There are fundamental changes underway in the world of work, driven by technological experiments, climate change, shifts in scale and organising of production, increasing inequalities, and demographic differentials of different regions.

At an international symposium on the Future of Work organised in Geneva in April by the International Labour Organisation – which completes its centenary next year – labour historian Marcel Van Der Linden traced the historical causes of some of these shifts in the world of work.

Van Der Linden is the former research director of the International Institute of Social History at the University of Amsterdam, and is the author of Workers of the World. Essays toward a Global Labour History, and the co-author of several books on working class history in India.

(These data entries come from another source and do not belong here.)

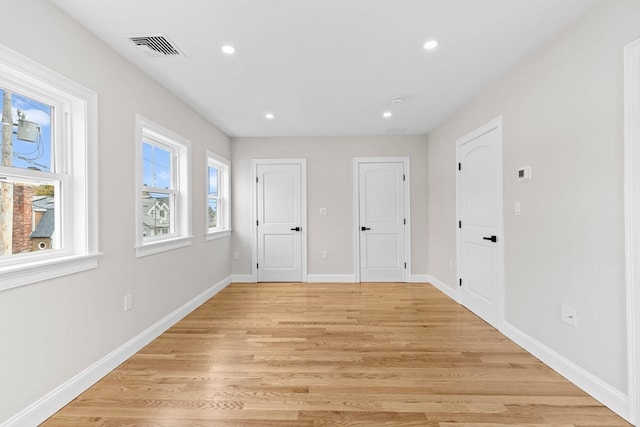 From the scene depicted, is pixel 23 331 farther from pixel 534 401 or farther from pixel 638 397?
pixel 638 397

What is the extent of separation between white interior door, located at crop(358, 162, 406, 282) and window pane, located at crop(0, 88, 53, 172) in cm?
391

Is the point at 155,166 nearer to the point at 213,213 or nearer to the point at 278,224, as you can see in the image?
the point at 213,213

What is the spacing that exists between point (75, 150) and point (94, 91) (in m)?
0.45

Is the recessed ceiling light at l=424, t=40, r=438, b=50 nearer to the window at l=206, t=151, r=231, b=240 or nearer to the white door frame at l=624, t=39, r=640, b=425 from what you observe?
the white door frame at l=624, t=39, r=640, b=425

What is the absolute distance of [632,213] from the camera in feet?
5.41

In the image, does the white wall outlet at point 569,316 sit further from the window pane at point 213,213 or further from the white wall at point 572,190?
the window pane at point 213,213

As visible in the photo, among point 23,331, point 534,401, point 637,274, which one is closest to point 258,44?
point 23,331

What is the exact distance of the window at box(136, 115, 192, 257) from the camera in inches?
105

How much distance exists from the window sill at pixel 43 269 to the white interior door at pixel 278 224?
3.04 metres

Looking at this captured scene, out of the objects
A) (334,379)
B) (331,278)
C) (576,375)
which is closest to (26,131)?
(334,379)

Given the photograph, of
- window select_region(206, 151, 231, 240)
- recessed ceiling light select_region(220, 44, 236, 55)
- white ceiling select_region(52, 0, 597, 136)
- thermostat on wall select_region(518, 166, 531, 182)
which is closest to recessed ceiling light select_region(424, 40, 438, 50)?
white ceiling select_region(52, 0, 597, 136)

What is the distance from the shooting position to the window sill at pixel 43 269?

The historian, who is recognised for his approach of a “global labour history”, developed in the 1990s, which stresses on a global perspective rather than national, spoke of how the current changes affect the relationship of the individual as a worker or a migrant to society and political structures.

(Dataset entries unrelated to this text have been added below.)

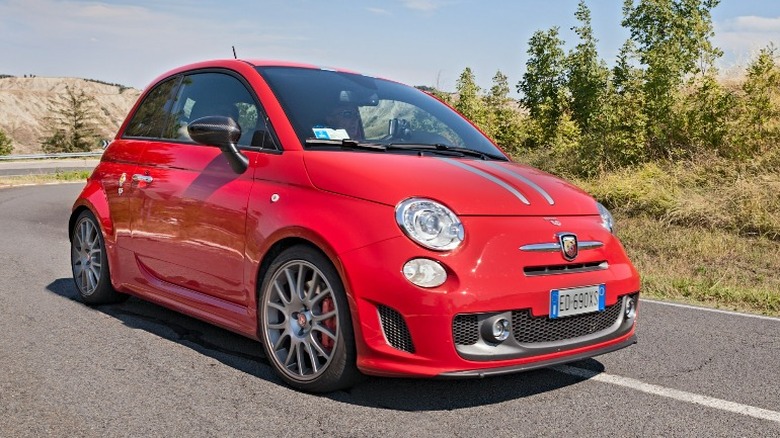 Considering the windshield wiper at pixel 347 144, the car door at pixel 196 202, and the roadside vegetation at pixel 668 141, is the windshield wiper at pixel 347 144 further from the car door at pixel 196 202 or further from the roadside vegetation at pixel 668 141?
the roadside vegetation at pixel 668 141

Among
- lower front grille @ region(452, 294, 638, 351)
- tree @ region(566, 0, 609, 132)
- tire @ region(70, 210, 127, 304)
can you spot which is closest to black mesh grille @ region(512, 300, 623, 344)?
lower front grille @ region(452, 294, 638, 351)

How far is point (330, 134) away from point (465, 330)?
1393mm

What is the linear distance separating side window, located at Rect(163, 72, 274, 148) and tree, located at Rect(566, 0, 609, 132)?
38.3 ft

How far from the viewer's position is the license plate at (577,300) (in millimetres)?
3725

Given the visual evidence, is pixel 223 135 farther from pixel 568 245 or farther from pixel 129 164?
pixel 568 245

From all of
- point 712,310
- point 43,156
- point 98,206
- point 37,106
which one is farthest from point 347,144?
point 37,106

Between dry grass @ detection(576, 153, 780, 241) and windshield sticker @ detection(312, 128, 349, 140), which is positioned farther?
dry grass @ detection(576, 153, 780, 241)

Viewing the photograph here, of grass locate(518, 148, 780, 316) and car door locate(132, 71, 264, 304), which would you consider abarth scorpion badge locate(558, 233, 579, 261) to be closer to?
car door locate(132, 71, 264, 304)

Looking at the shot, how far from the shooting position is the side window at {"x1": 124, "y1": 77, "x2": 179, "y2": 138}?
5.53 meters

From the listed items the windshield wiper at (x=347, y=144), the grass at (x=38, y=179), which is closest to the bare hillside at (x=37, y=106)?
the grass at (x=38, y=179)

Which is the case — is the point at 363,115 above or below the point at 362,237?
above

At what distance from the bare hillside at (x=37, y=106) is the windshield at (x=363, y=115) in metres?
123

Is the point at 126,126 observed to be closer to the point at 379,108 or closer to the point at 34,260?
the point at 379,108

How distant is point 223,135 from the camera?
4.38m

He also spoke of the specific situation of Indian workers caught in increasingly precarious forms of employment, and what possibilities of collective action exist even as tighter restrictions are imposed on freedoms to organise.

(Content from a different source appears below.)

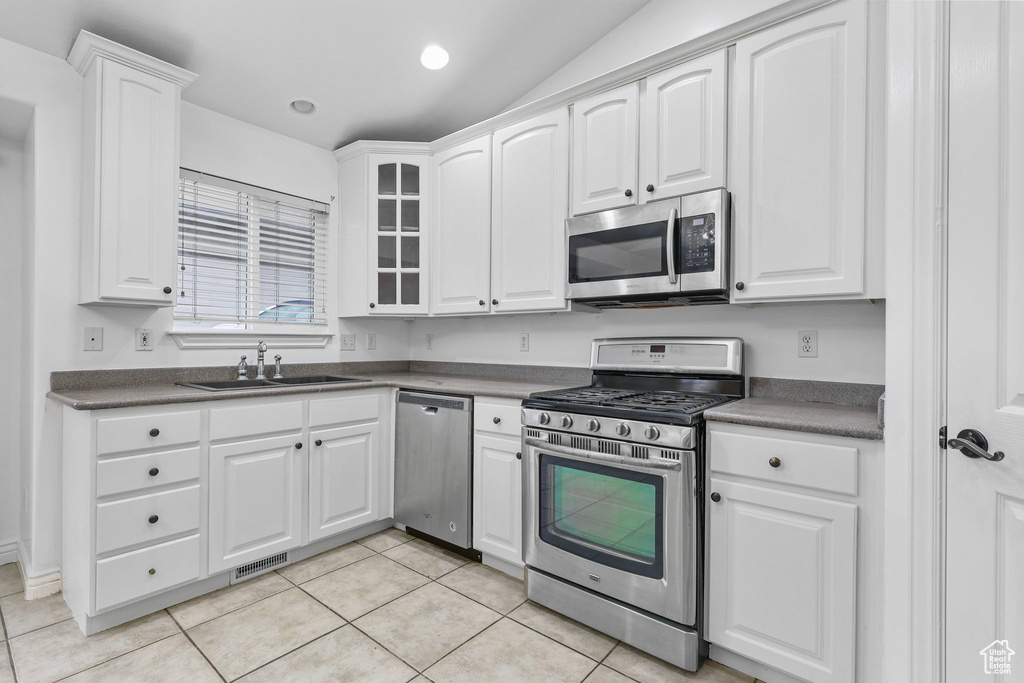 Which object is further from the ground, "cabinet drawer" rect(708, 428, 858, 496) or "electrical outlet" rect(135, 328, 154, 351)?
"electrical outlet" rect(135, 328, 154, 351)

Edited excerpts from the interview:

We are seeing the rise of so-called non-standard forms of employment, precarious forms of wage labour, or self-employment, including in developed countries. How can we understand this phenomenon from a historical perspective?
Casualised wage labour is not only a phenomenon of the modern era. It has existed for thousands of years, and we read about it in the New Testament, probably written around 200 AD.

In 15th and 16th century western Europe, the number of landless labourers working in enterprises outside the manorial system and outside the guilds were very large. Only the highest strata of the working class could escape from the existential insecurity.

It was much later, among the 19th century skilled labourers, that the ideal of the male breadwinner [or the family wage] became popular – the idea that the wage of the husband should be sufficient to support a wife and small children.

After the Second World War, when capitalist economies experienced unprecedented growth and when the expansion of social security became possible, a large part of the working classes in western Europe, North America, Australasia and Japan obtained a standard employment relationship. It was an effect of the recognition by large corporations that the creation of stable labour relations required “making long-term investments in employee good will”. A gendered division of labour tended to emerge: Standard employment mainly concerned men, while in other kinds of labour relationship of unpaid, precarious work, women were over-represented.

But standard employment is again becoming scarcer even in the advanced capitalist countries too. And it seems to be becoming even more of a male privilege than was the case previously.

The difference between earlier and now is that precarious labour before the Second World War was an effect of a temporary oversupply of labour.

Now, precarious labour in the developed and developing countries looks to be much more persistent and structural due to a rapid growth of the productive forces worldwide, which enables much more output to be produced with much less labour.

Marcel Van Der Linden.

How will new technological possibilities, often described as the new Industrial Revolution, impact how we work, including the use of robots? How do the current reactions compare to those in the past, when the steam machine, the factory system, the assembly line, and the computer were first introduced?
Under the current economic conditions, robotisation will lead to a gigantic loss of jobs, and this would mean destitution for all those for whose labour there is no longer an effective demand. It is likely that workers whose jobs are routinised will be replaced by machines and they will become unemployed, while simultaneously new jobs are created for workers who design, produce and repair these machines. Those who keep the work, their work may become more interesting. Non-routine work may become more interesting. We will have fewer people doing more interesting work and others will become unemployed.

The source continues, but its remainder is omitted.